_SUPPLIED MATERIAL_
++++++++++
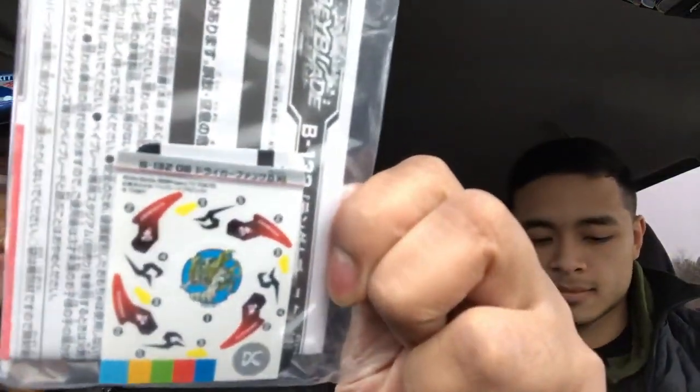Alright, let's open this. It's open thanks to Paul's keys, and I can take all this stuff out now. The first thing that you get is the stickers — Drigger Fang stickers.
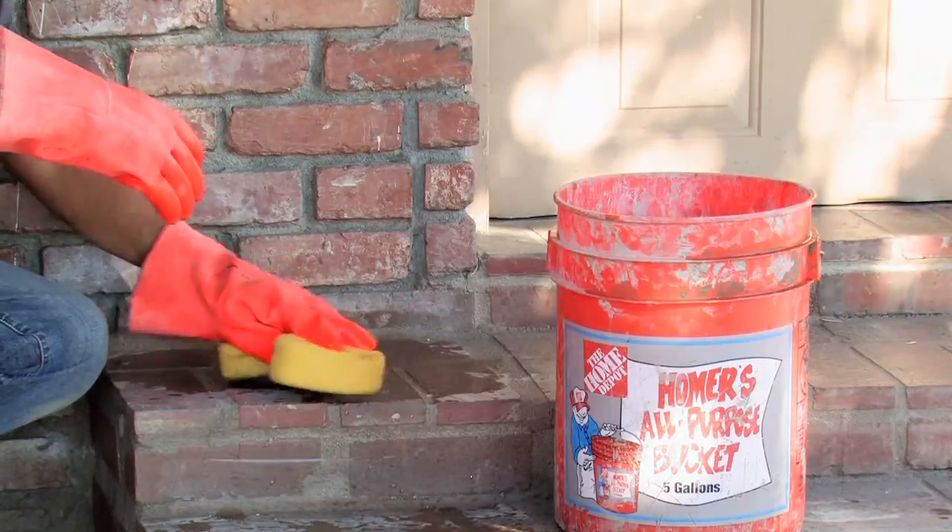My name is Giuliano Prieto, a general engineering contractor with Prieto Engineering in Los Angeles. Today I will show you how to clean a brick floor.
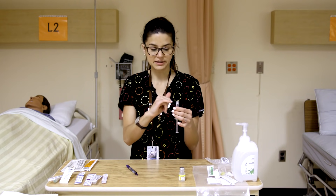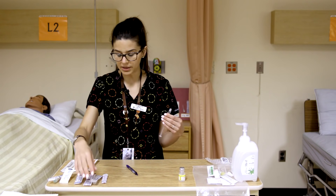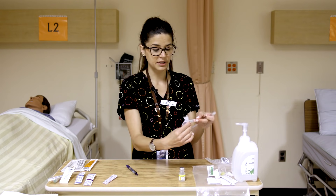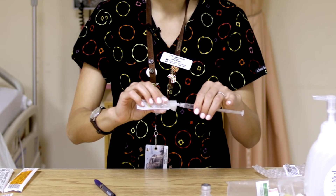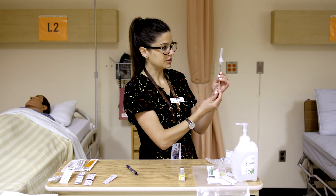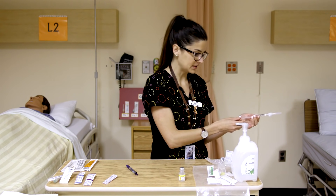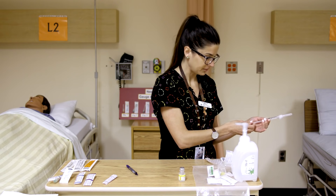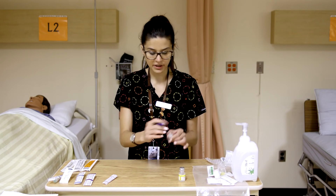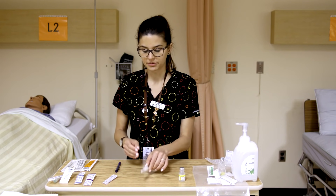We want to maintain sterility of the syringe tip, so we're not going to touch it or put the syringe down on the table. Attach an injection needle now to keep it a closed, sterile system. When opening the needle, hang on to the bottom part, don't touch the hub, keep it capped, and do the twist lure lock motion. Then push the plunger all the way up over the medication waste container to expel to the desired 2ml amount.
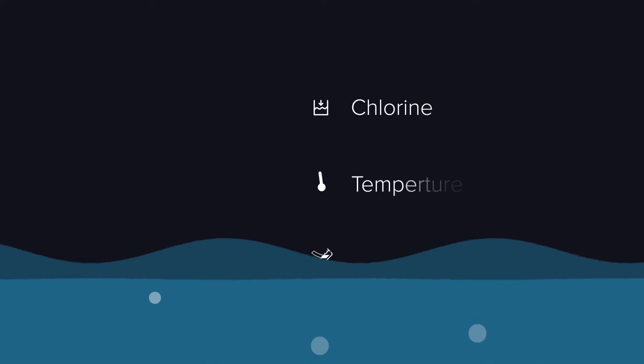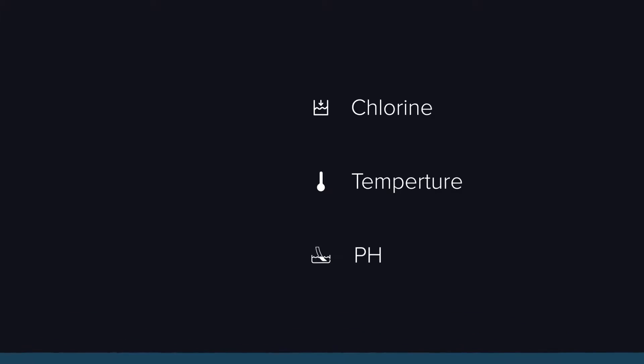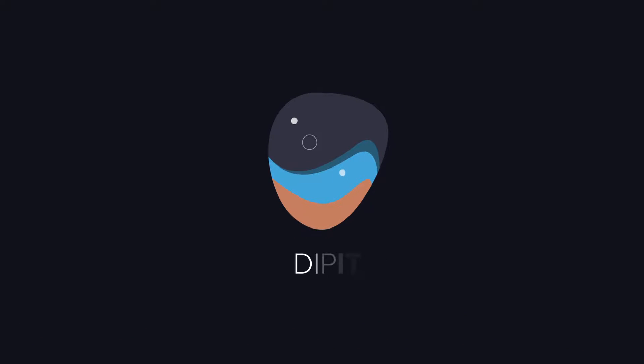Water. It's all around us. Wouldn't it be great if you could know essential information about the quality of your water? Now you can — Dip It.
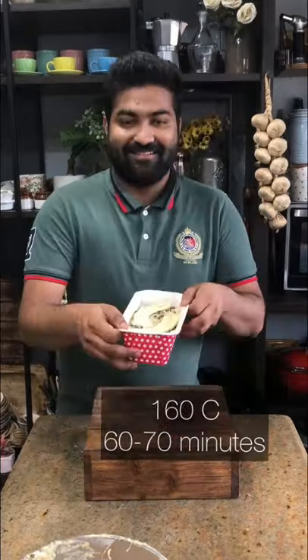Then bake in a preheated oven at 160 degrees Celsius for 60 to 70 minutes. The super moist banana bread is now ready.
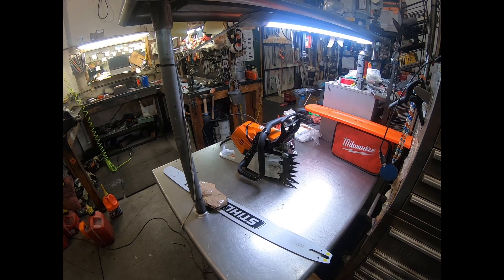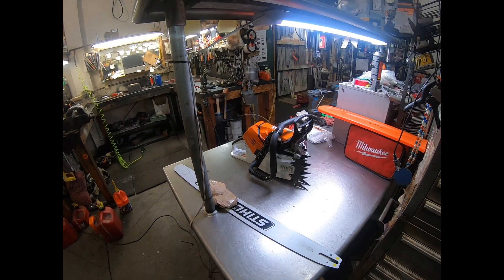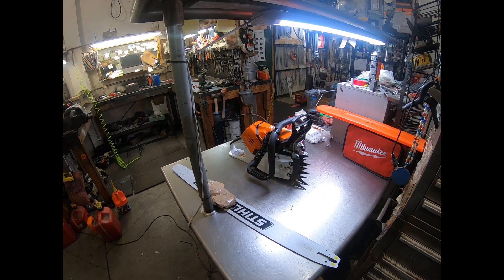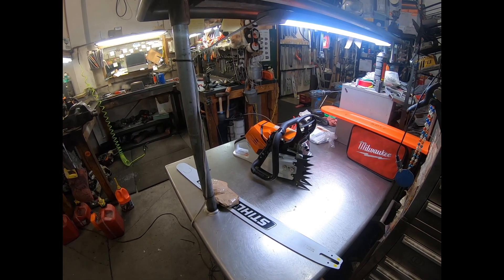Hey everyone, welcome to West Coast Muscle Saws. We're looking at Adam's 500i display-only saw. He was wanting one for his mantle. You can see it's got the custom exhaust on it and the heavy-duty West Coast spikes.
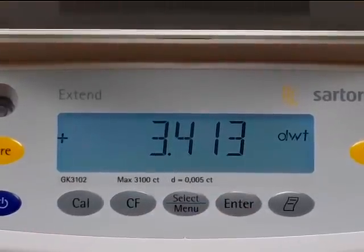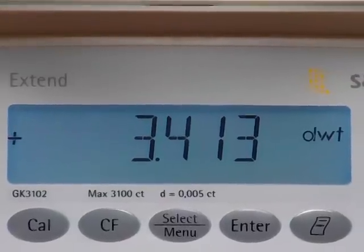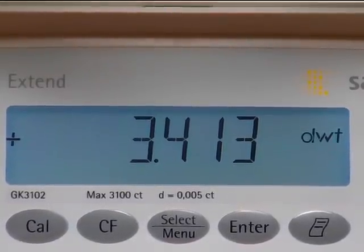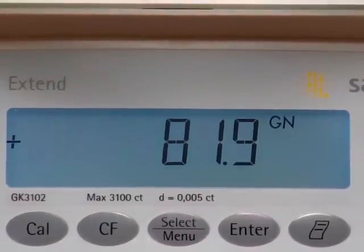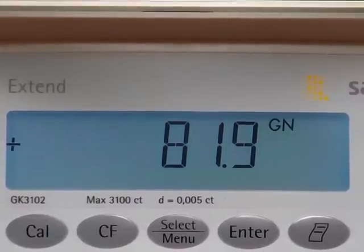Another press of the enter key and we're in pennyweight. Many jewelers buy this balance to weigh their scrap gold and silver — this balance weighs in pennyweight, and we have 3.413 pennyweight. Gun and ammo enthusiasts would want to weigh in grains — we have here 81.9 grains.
++++++++++
_TO DO_
Your task is to restate word for word the lines from the one containing "Hey everyone, welcome" through the last line of the data, both ends included, with no pictures.

_SOLUTION FOR THIS EXERCISE_
Hey everyone, welcome to West Coast Muscle Saws. We're looking at Adam's 500i display-only saw. He was wanting one for his mantle. You can see it's got the custom exhaust on it and the heavy-duty West Coast spikes.
Another press of the enter key and we're in pennyweight. Many jewelers buy this balance to weigh their scrap gold and silver — this balance weighs in pennyweight, and we have 3.413 pennyweight. Gun and ammo enthusiasts would want to weigh in grains — we have here 81.9 grains.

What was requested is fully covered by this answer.